素朴な疑問から考える世界や日本の課題
「二酸化炭素をいちばん出さない乗り物はどれ?」「社員を不当に働かせる会社を何という?」「水道水をそのまま飲める国は世界で何カ国?」――世界が抱える課題はこうしたクイズ形式の素朴な疑問にまとめられ、そこから日本が抱えている課題、世界の課題と自分とのつながり、自分ができることは何かまで、考えさせる編集になっている。
4月末の本欄「『サクッとわかる』ヒット連発 地政学に行動経済学も」の記事でも触れたように、本格的な監修者とわかりやすいビジュアル重視の編集を組み合わせたビジネス教養書が相次いでヒットしている。児童書でも『こども六法』のような硬派なテーマのヒットもあった。本書もその流れをくむ。企業や組織がSDGsを自分のこととして考え、活用するには「親子で学ぶ」といった姿勢が必要なのかもしれない。
実務専門書が上位に
それでは、先週のランキングを見ていこう。
(1)株式会社法〔第8版〕 | 江頭憲治郎著(有斐閣) |
(2)2030年 すべてが「加速」する世界に備えよ | P・ディアマンディス、S・コトラー著(ニューズピックス) |
(3)会計監査六法 2021年版 | 日本公認会計士協会・企業会計基準委員会共編(日本公認会計士協会出版局) |
(4)大人も知らない!? SDGsなぜなにクイズ図鑑 | 笹谷秀光監修(宝島社) |
(5)両利きの経営 | C・A・オライリー、M・L・タッシュマン著(東洋経済新報社) |
(紀伊国屋書店大手町ビル店、2021年5月3~9日)
1位と3位は実務専門書。
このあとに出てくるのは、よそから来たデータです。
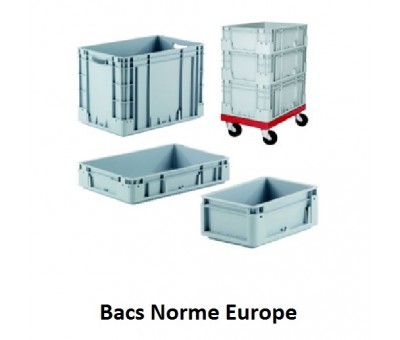 Bac norme Europe 300x200, 600x400, 800x600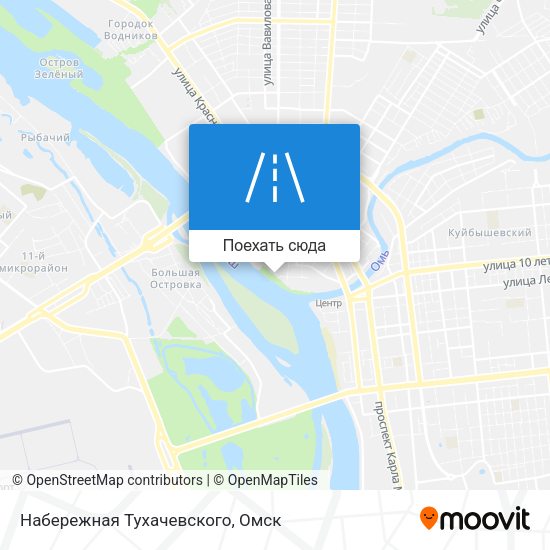 Карта Набережная Тухачевского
1位は「会社法実務の必携書」を帯でうたい、最新の法改正にも対応した内容だ。3位の本は、企業の監査業務に有用な資料を網羅的に掲載している。2位は、テクノロジーの進化を軸に包括的な未来トレンドを描き出した予測本。1月に「2030年と2040年 日米2つの予測本が指し示す未来とは」の記事で紹介した。今回紹介したSDGsの児童書は4位に食い込んだ。5位は2019年刊の経営書。連休明けの実質2日間のランキングだけに、実務専門書に児童書、ロングセラーと普段とは異なる本が上位に並んだ。